I Miss You Hugs and Kisses (Murray Markowitz, 1978)
This mix of made-for-TV trash and R-rated violence is mostly remembered as one of the entries on the British Video Recordings Act 1984’s list of banned films, otherwise known as the “Video Nasties.” Honestly, it might be too inept for any but Video Nasty completists to enjoy, but I find its goofball qualities quite entertaining.
The Black Room (Elly Kenner and Norman Thaddeus Vane, 1982)
I don’t know why The Black Room hasn’t had an official home video release since the VHS days, but this thoughtful, strange, and incredibly ambitious mega-low-budget feature is well worth a YouTube peak. Fans of particularly melodramatic, metaphor-heavy vampire movies should definitely check it out, despite the lacking video quality.
Butcher, Baker, Nightmare Maker (aka: Nightwish; William Asher, 1982)
This violent psycho-thriller is mostly notable for being another Video Nasty, but it’s also much better than the majority of readily available Nasties. Assuming you don’t have hundreds of dollars to drop on the OOP Code Red Blu-ray, check out this half decent VHS rip.

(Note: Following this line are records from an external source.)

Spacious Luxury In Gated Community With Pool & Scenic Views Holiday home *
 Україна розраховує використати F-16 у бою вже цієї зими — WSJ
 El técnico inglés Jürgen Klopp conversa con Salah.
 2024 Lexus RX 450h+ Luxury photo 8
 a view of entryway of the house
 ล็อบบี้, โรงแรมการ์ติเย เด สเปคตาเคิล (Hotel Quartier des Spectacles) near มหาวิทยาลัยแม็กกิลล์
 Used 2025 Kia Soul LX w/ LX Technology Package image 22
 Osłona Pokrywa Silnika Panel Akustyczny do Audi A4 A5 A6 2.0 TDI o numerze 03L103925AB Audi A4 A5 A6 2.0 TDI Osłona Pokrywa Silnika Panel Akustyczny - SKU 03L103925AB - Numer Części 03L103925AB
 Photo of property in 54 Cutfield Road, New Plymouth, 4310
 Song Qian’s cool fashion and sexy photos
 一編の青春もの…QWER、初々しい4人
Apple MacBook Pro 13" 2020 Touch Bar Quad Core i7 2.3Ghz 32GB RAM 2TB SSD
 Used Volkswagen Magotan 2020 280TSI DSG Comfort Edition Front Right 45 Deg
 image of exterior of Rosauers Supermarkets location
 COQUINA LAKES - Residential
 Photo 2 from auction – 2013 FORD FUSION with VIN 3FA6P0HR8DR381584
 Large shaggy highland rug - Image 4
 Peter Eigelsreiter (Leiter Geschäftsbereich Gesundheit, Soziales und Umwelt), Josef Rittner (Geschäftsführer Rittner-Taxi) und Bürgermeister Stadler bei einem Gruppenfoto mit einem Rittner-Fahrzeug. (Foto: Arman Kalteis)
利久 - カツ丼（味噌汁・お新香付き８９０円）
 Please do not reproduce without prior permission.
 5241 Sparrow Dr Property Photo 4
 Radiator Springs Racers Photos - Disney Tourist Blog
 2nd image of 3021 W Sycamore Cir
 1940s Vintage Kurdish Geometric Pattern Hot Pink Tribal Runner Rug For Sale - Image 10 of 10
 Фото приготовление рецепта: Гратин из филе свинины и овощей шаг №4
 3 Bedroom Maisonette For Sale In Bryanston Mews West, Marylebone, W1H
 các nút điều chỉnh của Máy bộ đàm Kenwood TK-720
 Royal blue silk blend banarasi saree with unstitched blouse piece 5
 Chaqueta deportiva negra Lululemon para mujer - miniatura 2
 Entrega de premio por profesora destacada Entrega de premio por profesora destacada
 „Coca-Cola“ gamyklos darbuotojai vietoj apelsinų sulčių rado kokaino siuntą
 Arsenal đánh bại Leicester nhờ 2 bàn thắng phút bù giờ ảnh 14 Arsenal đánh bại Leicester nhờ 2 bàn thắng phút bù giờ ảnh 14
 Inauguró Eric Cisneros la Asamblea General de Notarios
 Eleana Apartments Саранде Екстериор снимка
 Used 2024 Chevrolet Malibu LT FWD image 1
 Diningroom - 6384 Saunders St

Hunter’s Blood (Robert C. Hughes, 1986)
Rip-offs of Ridley Scott’s Alien are my favorite ultra-specific subgenre, but the small number of movies made to cash-in on John Boorman’s Deliverance (1972) are also high on that list. Peter Carter’s Rituals (aka: The Creeper, 1977) is currently streaming on Fandor and Walter Hill’s Southern Comfort (a film I actually prefer to Deliverance, 1981) is easily found across many platforms, but Robert C. Hughes’ splattery Hunter’s Blood also deserves some recognition. I can’t find George Bloom’s Brothers in Arms (1988) right now, but keep an eye out for that one too.